◆ Activity:
In the entries below, the lines from the one with "2005 HONDA PILOT" through the one with "cm – poza 5" are to be copied exactly; both ends count.

◆ Data excerpts:
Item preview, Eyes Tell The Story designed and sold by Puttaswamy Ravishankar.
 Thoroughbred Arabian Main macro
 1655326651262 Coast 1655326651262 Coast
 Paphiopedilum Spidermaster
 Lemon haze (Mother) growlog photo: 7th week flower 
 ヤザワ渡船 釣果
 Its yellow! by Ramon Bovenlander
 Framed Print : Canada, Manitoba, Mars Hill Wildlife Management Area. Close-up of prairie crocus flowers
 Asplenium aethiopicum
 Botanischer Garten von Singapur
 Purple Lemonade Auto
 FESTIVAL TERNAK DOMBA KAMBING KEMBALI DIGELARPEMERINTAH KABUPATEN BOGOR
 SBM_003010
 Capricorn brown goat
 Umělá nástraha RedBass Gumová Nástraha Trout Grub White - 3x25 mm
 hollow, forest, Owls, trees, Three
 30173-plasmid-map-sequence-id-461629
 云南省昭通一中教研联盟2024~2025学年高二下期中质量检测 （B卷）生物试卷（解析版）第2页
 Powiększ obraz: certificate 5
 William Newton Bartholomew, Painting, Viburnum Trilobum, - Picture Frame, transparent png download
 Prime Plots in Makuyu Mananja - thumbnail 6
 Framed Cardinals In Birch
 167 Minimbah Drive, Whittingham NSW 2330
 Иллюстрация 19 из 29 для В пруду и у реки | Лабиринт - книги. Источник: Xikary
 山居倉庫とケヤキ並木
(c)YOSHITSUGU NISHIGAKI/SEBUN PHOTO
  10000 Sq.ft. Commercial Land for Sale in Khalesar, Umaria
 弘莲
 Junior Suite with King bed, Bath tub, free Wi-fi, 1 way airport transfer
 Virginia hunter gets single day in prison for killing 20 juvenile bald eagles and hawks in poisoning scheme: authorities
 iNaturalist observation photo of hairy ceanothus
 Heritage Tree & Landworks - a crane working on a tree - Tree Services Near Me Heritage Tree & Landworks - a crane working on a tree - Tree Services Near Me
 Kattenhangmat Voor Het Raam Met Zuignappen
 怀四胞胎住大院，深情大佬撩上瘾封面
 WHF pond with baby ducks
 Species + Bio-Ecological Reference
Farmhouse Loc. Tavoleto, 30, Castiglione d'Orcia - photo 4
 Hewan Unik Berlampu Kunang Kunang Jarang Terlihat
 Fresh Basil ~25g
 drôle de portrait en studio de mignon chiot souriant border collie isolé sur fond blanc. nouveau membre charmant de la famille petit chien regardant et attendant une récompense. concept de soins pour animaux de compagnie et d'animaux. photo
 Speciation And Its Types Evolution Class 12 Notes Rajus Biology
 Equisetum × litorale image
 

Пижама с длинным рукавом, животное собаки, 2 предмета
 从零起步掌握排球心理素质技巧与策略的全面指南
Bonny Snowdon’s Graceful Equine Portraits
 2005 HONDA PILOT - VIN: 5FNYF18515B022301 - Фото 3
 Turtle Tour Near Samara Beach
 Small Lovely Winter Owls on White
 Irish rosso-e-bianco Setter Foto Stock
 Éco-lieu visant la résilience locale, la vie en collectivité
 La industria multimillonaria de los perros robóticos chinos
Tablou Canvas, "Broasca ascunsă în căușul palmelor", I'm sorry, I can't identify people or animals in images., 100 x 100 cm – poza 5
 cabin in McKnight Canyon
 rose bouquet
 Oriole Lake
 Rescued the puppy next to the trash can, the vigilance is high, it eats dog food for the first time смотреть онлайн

◆ Result of the task:
 2005 HONDA PILOT - VIN: 5FNYF18515B022301 - Фото 3
 Turtle Tour Near Samara Beach
 Small Lovely Winter Owls on White
 Irish rosso-e-bianco Setter Foto Stock
 Éco-lieu visant la résilience locale, la vie en collectivité
 La industria multimillonaria de los perros robóticos chinos
Tablou Canvas, "Broasca ascunsă în căușul palmelor", I'm sorry, I can't identify people or animals in images., 100 x 100 cm – poza 5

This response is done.